Author(s)
Term
10. term
Publication year
2010
Submitted on
2010-06-08
Pages
161 pages
Abstract
Urban planning strategies for climate change are moving beyond mitigation and beginning to encompass adaptation as well. As adaptation concerns move higher up the policy agenda, planners and policy makers will be faced with difficult choices about how to effectively craft responses that take into account a wide range of societal concerns spanning the spectrum of sustainable development, including issues relating to intra- and intergenerational equity, environmental health and economic stability (Adger W. N., 2009). Moreover, it is becoming increasingly clear that climate change is intimately bound up with development paths (IPCC, 2007; Sathaye, et al., 2007), implying that the traditional focus on energy and environmental planning may be misplaced.

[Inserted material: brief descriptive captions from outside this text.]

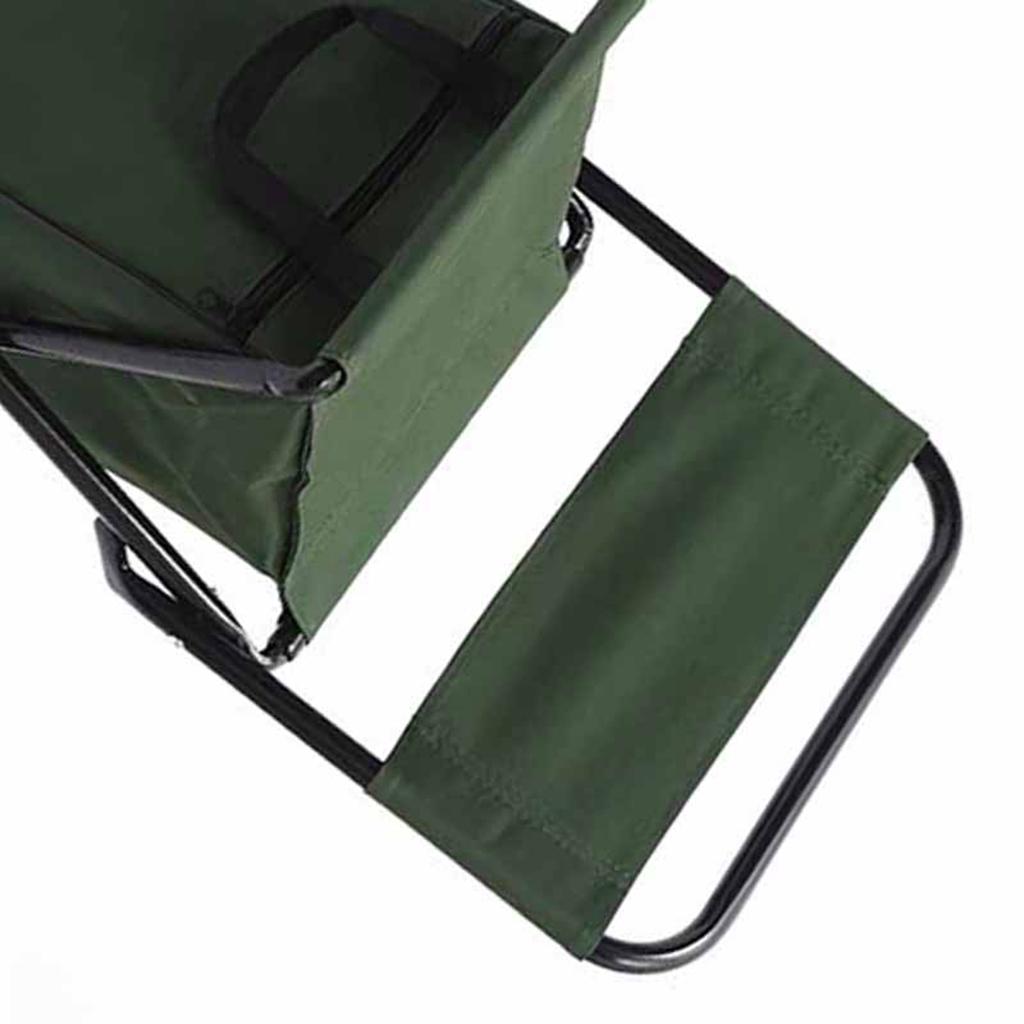Folding Chair Outdoor Camping Portable Folding Back Chair Fishing Leisure Chair with Bag Green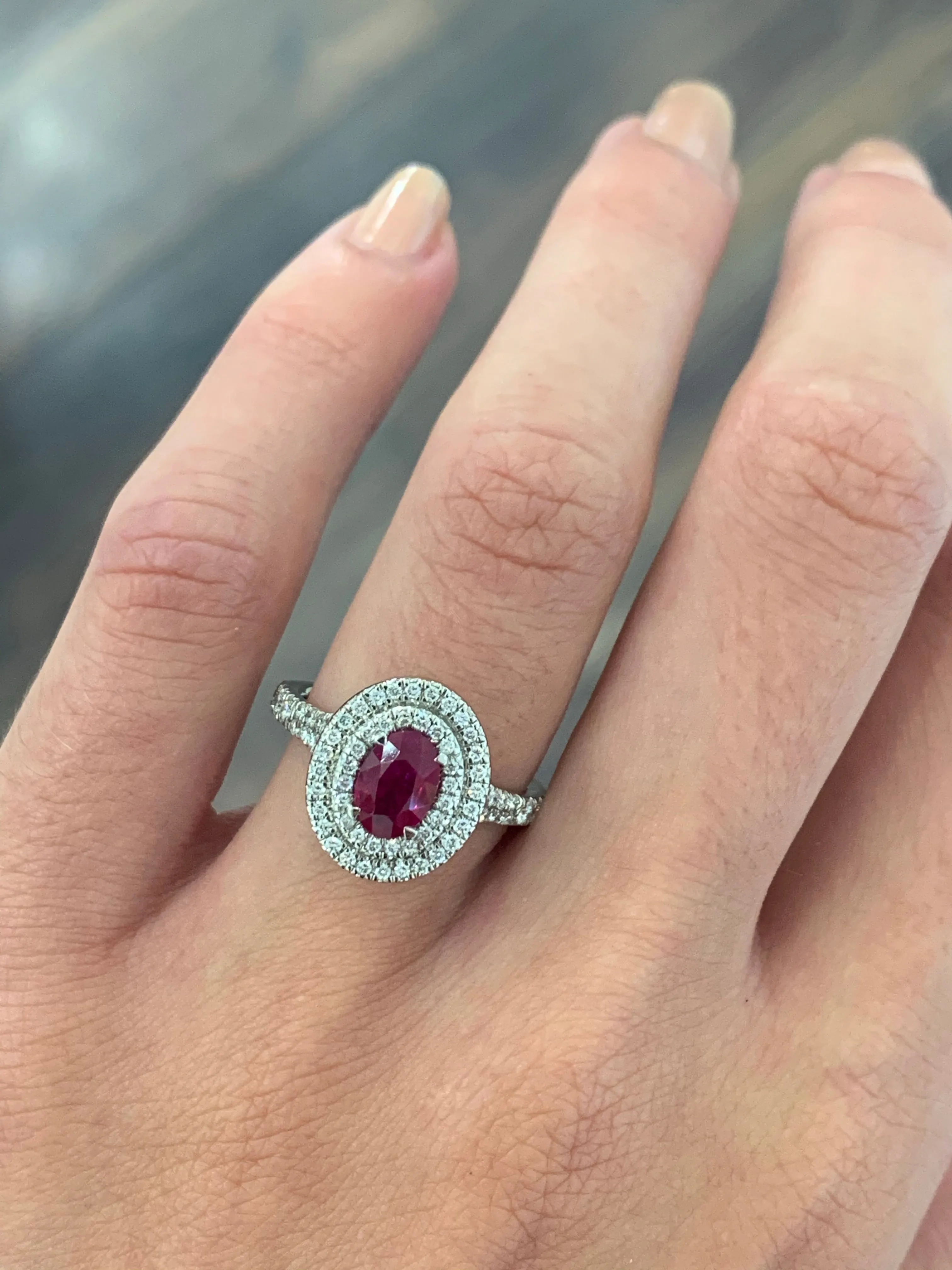 Oval Double halo ruby ring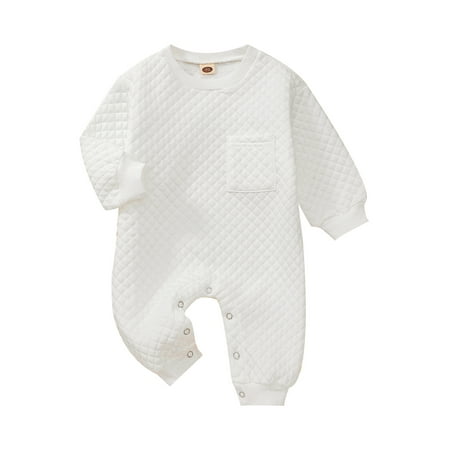 

jaweiwi Baby Girls Boys Romper Solid Color Round Neck Long Sleeve Jumpsuit with Pocket Autumn Outfit Size 0 6 12 18 24 Months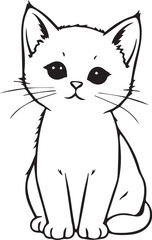 Cute kitten. Hand drawn vector illustration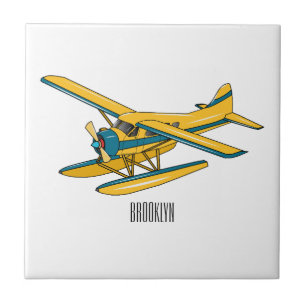 Seaplane cartoon illustration ceramic tile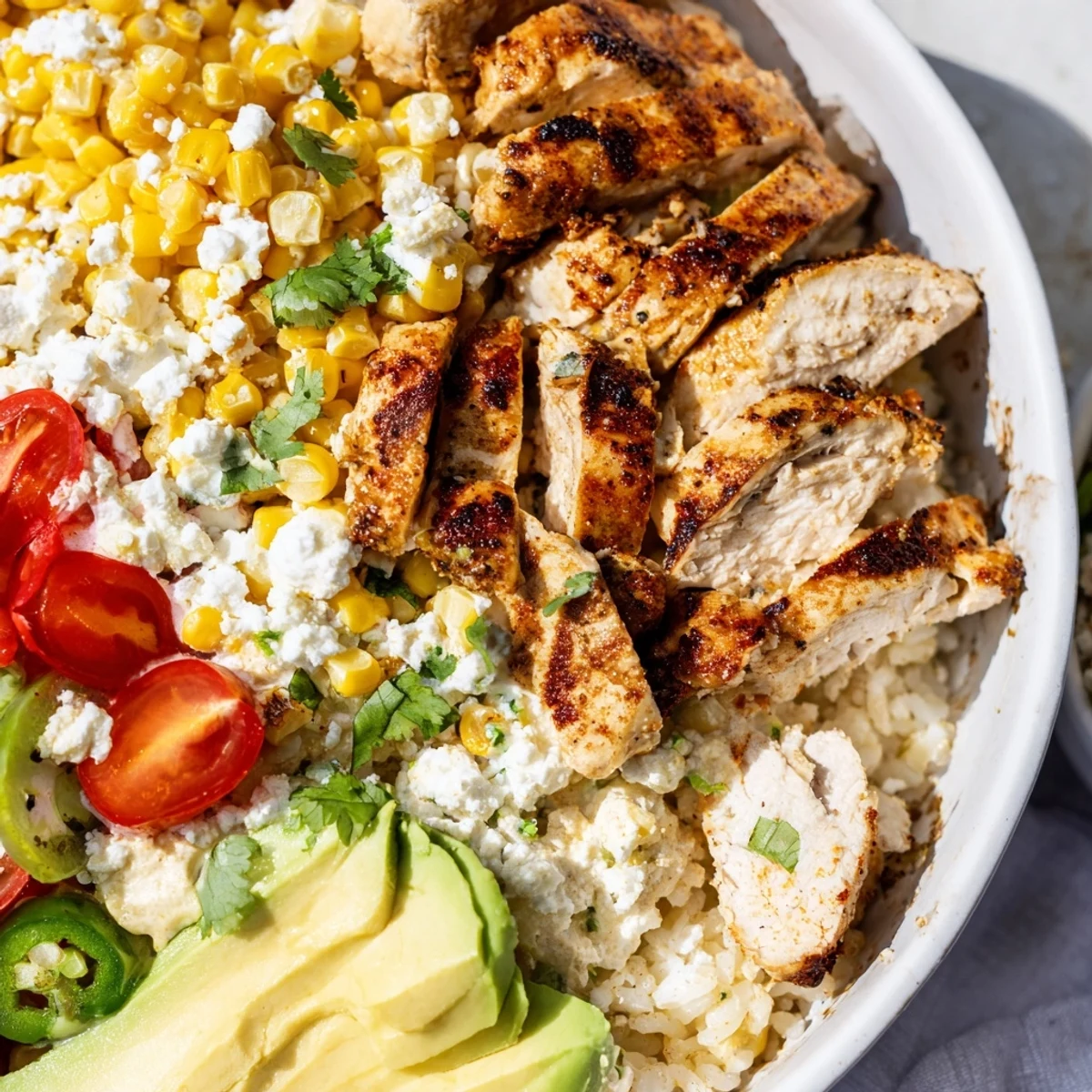 Sizzling Street Corn Chicken Rice Bowl garnished with lime wedges and cilantro, ready to serve as a delicious gluten-free Mexican-inspired dinner.
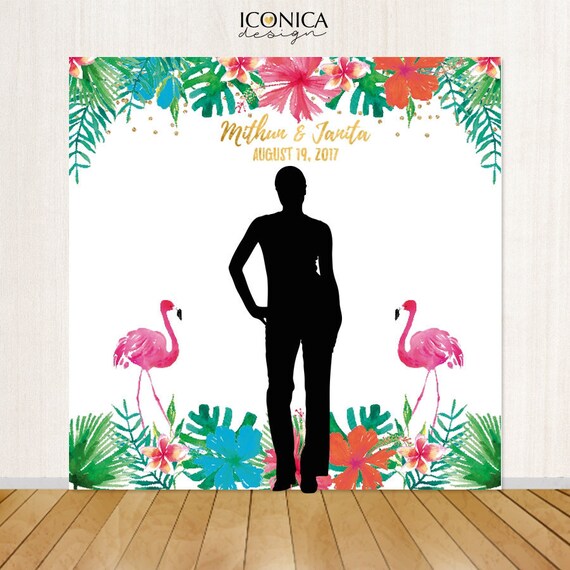 Flamingo Party Backdrop - Tropical Luau Photo Booth Backdrop - Let’s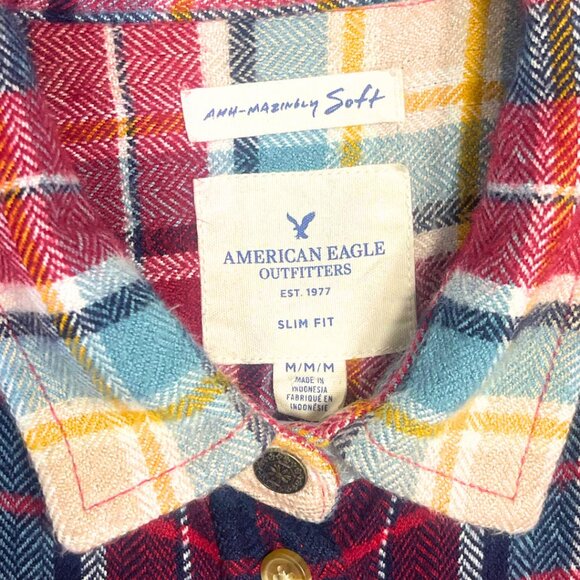 AEO | Flannel Shirt Red Plaid Multi-Color Soft Cotton Long Sleeve Medium - Picture 8 of 13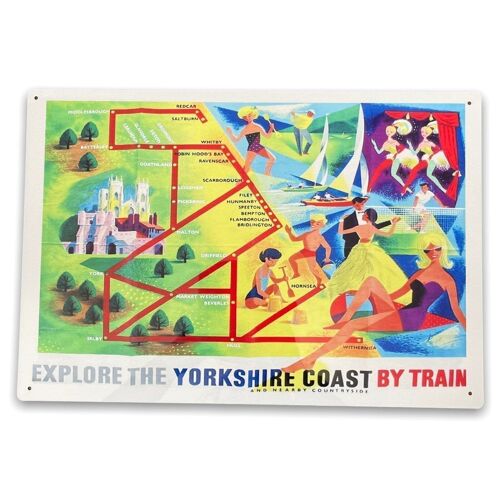 Vintage Metal Sign - British Railways Retro Advertising, Explore The Yorkshire Coast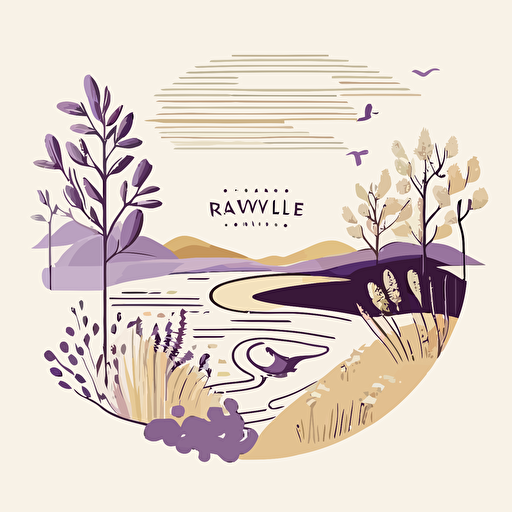 A minimalist vector logo featuring rivers, landscape, wineries, lavender, sunshine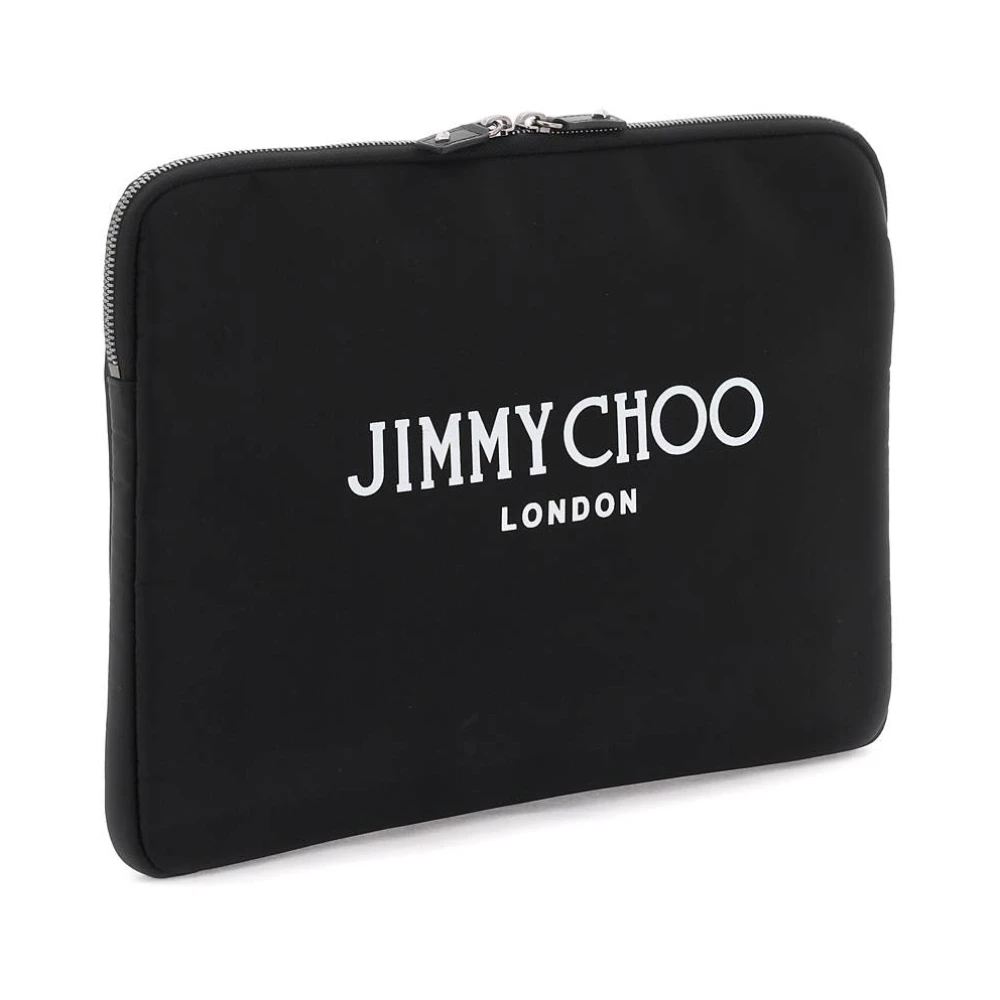 Jimmy Choo Logo Technische Stof Pouch Black Dames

Planning literature has only recently begun to attend to these issues (Howard, 2009) and there are a number of potential synergies, conflicts and trade-offs that will have to be made between mitigation, adaptation and development goals, sustainable or otherwise. The following study is an exploratory, comparative case study of Copenhagen Metropolitan region, and Portland, Oregon, Metropolitan region that was conducted with the intention of mapping out and describing the main intersecting and diverging lines between: 1) climate mitigation and adaptation goals and 2) climate goals and other urban and socio-economic development goals. The main findings suggest that planners in the main treat mitigation and adaptation as distinct policy issues and while there is some evidence that cities attempt to link climate change strategies to other, pre-existing planning goals for denser, more sustainable development and mobility patterns, there are still substantial policy conflicts left unresolved.